Usuário de drogas poderá ser submetido à internação compulsória (Christopher Furlong/Getty Images/Getty Images)
João Pedro Caleiro
Publicado em 8 de maio de 2019 às 16h59.
Última atualização em 8 de maio de 2019 às 17h43.
As Comissões de Assuntos Econômicos (CAE) e de Assuntos Sociais (CAS) aprovaram em conjunto, nesta quarta-feira (8), o Projeto de Lei da Câmara (PLC) 37/2013, que promove mudanças na política sobre drogas.
A proposta altera o Sistema Nacional de Políticas Públicas sobre Drogas (Sisnad), que coordena medidas relacionadas à prevenção do uso de psicoativos, à atenção de usuários e à repressão ao tráfico.
O texto regula temas controversos como internação compulsória de dependentes, comunidades terapêuticas e a caracterização do porte de droga em menor quantidade.

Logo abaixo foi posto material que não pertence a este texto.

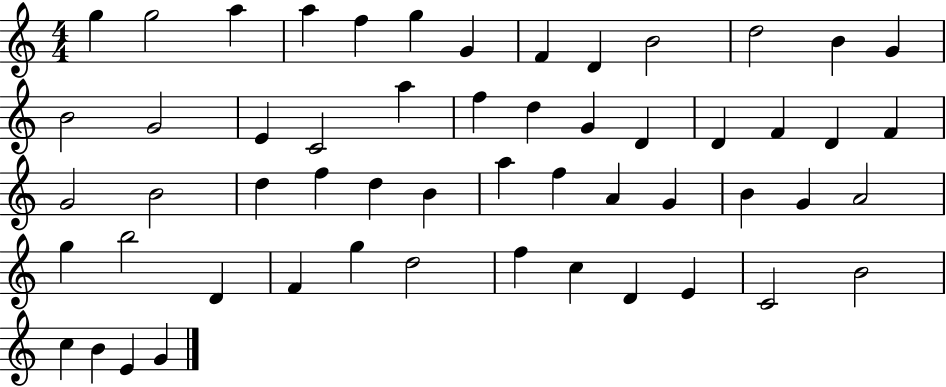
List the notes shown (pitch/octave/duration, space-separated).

G5/q G5/h A5/q A5/q F5/q G5/q G4/q F4/q D4/q B4/h D5/h B4/q G4/q B4/h G4/h E4/q C4/h A5/q F5/q D5/q G4/q D4/q D4/q F4/q D4/q F4/q G4/h B4/h D5/q F5/q D5/q B4/q A5/q F5/q A4/q G4/q B4/q G4/q A4/h G5/q B5/h D4/q F4/q G5/q D5/h F5/q C5/q D4/q E4/q C4/h B4/h C5/q B4/q E4/q G4/q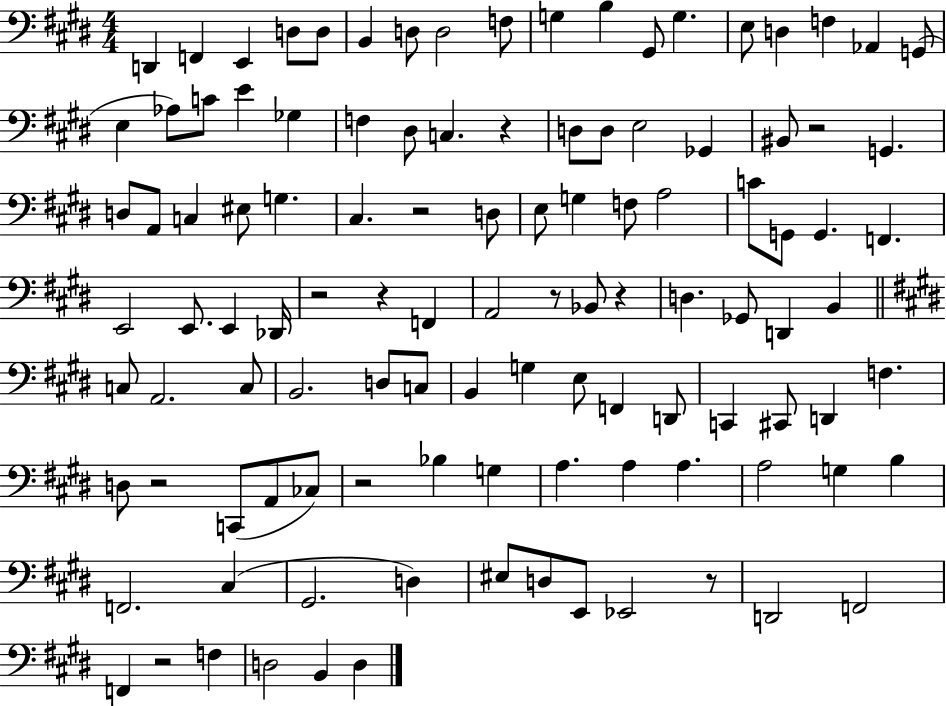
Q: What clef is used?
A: bass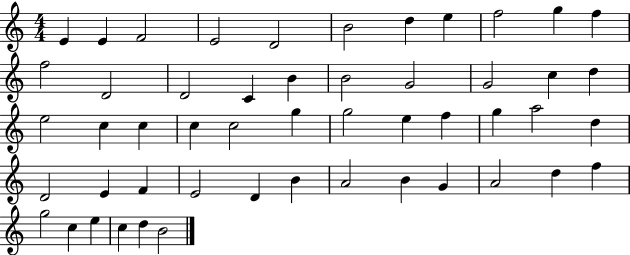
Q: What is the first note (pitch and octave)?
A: E4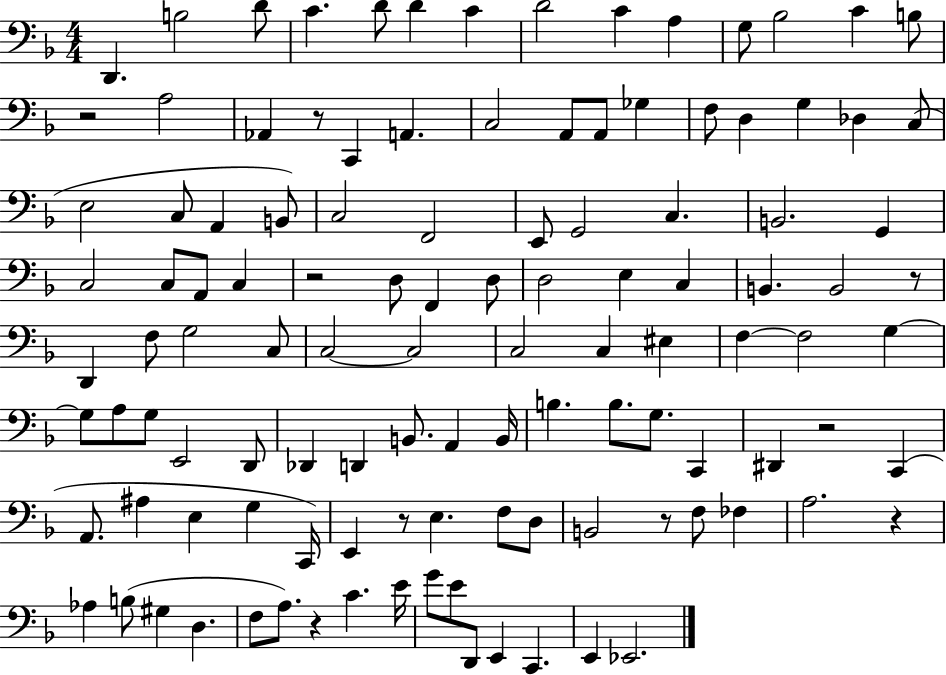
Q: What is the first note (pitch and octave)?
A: D2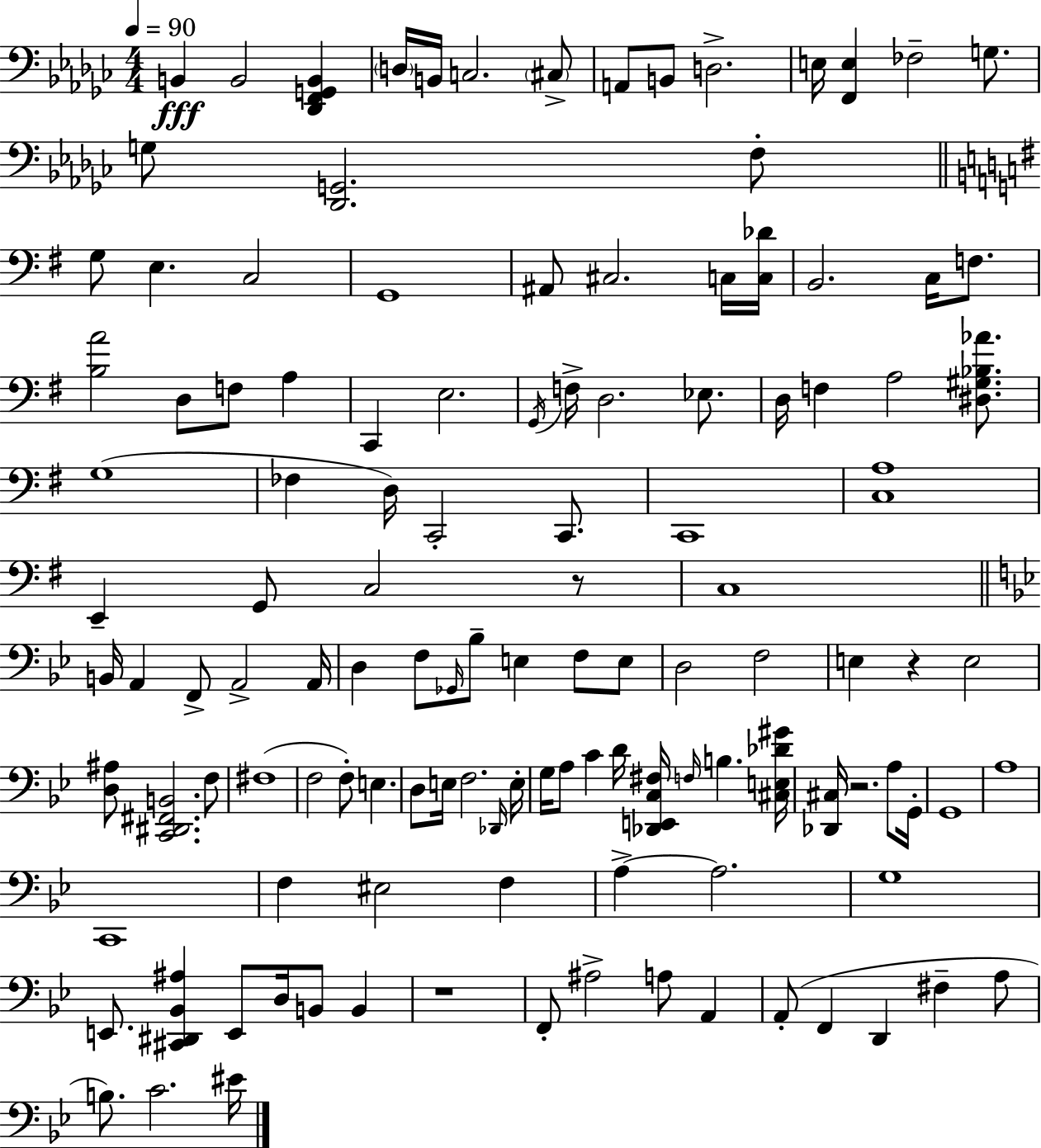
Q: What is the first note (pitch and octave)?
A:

Entre outros pontos, o texto possibilita a internação involuntária de usuários de droga e aumenta a pena mínima para o traficante que comandar organização criminosa, de 5 para 8 anos de reclusão, com máximo de 15 anos. O texto segue para a Comissão de Direitos Humanos e Partcipação Legislativa (CDH).
Ao longo dos seis anos de tramitação no Senado, o PLC 37/2013 chegou a ser aprovado, com alterações, pelas comissões de Constituição, Justiça e Cidadania (CCJ) e de Educação, Cultura e Esporte (CE), mas o relator na CAE e na CAS, senador Styvenson Valentim (Pode-RN), decidiu resgatar o texto aprovado pelos deputados federais. Ele defendeu a proposta da forma como veio da Câmara dos Deputados, para evitar que emendas e o substitutivo já aprovado na CCJ levem o projeto a retornar à análise dos deputados.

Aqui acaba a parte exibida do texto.